What usually happens is that an established local or online business or organization creates Facebook pages, Twitter feeds and the like. Sooner or later they realize the immense benefits that these can bestow and so put more time and energy into their presence on these networks. Eventually they have teeming accounts that reach thousands of new prospects. They then become local social media standouts. Examples of this approach include Perth Zoo, Fremantle's Esplanade Hotel and Chalkys Espresso Bar.
But so powerful and pervasive is social media that you can actually do it the other way around as well. One example of this is the dominant city-centric Twitter account Tweet Perth, managed by Adam Barrell. This has long had a huge amount of influence. I know this from personal experience.

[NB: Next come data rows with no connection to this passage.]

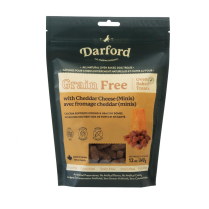DARFORD Grain Free Cheddar Cheese Recipe Minis 340g
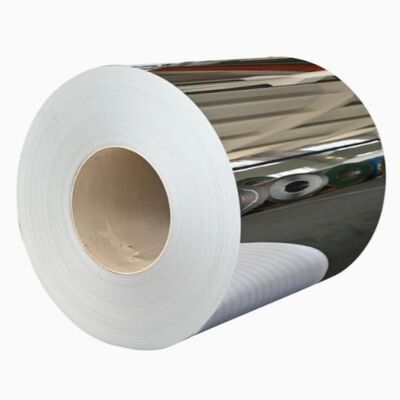 خرید 0.3*1000*1500mm BA/2B 316L Stainless Steel Coil Cold Rolled Aluminum/Galvanized/Copper Coil تولید آنلاین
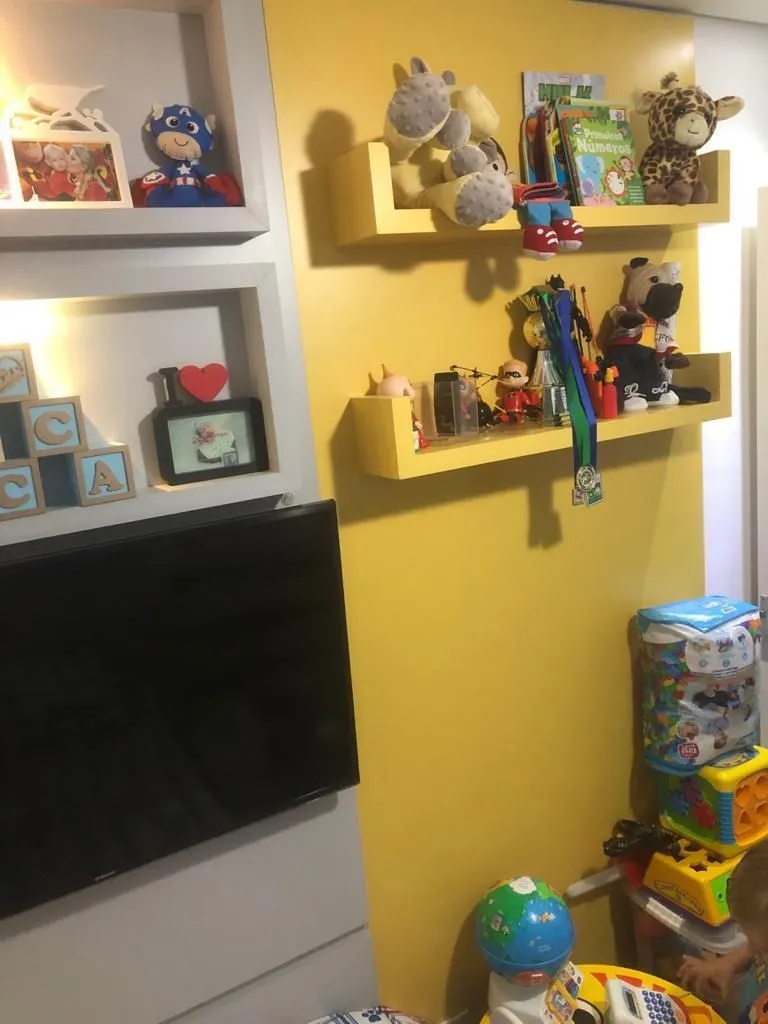 Imagem Apartamento com 03 quartos e 01 vaga Bairro Camaquã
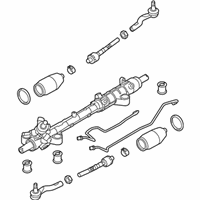 OEM 2010 Lincoln MKZ Gear Assembly - AH6Z-3504-A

A couple of years ago now he retweeted a blog post from my local blog about this city. I was pleasantly surprised to see that I'd received about hundred clicks in an hour as a result. No wonder so many local businesses hope for this kind of attention!
Barrell has used that powerful online presence as a springboard to create a whole new local content platform. I suspect there are other, bigger projects in the pipeline too.
Lost Perth is another case in point. This started out as a Facebook page that encouraged people to share their local reminiscences. It quickly took on a life of its own and became hugely active and popular. It even inspired a couple of TV documentaries. A website resulted that sells merchandise such as t-shirts and a book inspired by the page. Not sure how much money the whole project has made its creators, but I suspect it's a tidy amount by now.
So, if you've got a social media presence that is solid and growing, there's no reason you can't make it into something profitable and full-time by branching out in bigger ways both online and off.